The nucleus of comet 67P/Churyumov-Gerasimenko

Rosetta and its lander Philae have provided for the first time extremely detailed information about the nucleus of a comet, although there is still much to learn.

The superb photographs taken at different distances by the OSIRIS camera of the orbiter and the ROLIS and CIVA-P cameras of the lander revealed a double nucleus that may be the result of a merger between two nuclei soon after their formation. The surface of this nucleus is very chaotic, with cliffs, fractures as well as plains.

Le noyau de la Comète 67P/Churyumov-Gerasimenko - 1

Le noyau de la comète 67P/Churyumov-Gerasimenko observé le 3 août 2014 à une distance de 285 km. La plus grande dimension est d’environ 4 km.

Crédit : ESA/Rosetta/MPS for OSIRIS Team MPS/UPD/LAM/IAA/SSO/INTA/UPM/DASP/IDA

This surface is very dark; it reflects only 6 percent of the light it receives. It is made of a black granular material, loose like sand in some places and hard in others. Bare ice appears only in rare wells from which the jets of gas and dust emerge, but ice could also be a relatively minor component of the dark material. The surface of the comet nucleus is very heat-insulating; the surface temperature fluctuates between 120° kelvin (-153° Celsius) and 180° K  depending on illumination by the Sun, but these fluctuations are attenuated quickly when one penetrates inside, to stabilize at about 150 K at large depths.
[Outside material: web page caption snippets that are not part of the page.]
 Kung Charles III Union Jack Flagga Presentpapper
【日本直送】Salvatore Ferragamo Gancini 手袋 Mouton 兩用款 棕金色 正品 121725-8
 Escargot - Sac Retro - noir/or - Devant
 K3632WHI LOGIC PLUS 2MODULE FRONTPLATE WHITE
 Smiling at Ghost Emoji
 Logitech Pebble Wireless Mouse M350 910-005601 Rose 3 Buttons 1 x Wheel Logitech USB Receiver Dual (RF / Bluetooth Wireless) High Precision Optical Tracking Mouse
The CONCERT instrument provided unique data on the inside of the nucleus, at least in the part of the head that was the only place that could be explored. They indicate a material made of a mixture of ice and dust. The nature of dust is similar to that of the carbonaceous chondrites (a class of very primitive meteorites). The material is very porous because 80 percent of the volume is empty, which explains the low density of the comet: 533 kg/m3, while the density of the ice is about 900 kg/m3 and that of the dust some five times greater. The refractive index of the comet material decreases with depth, which implies either that the dust is less abundant, or that the medium is increasingly porous at greater depths.

All this confirms and greatly improves the model published in 1950 by Fred Whipple.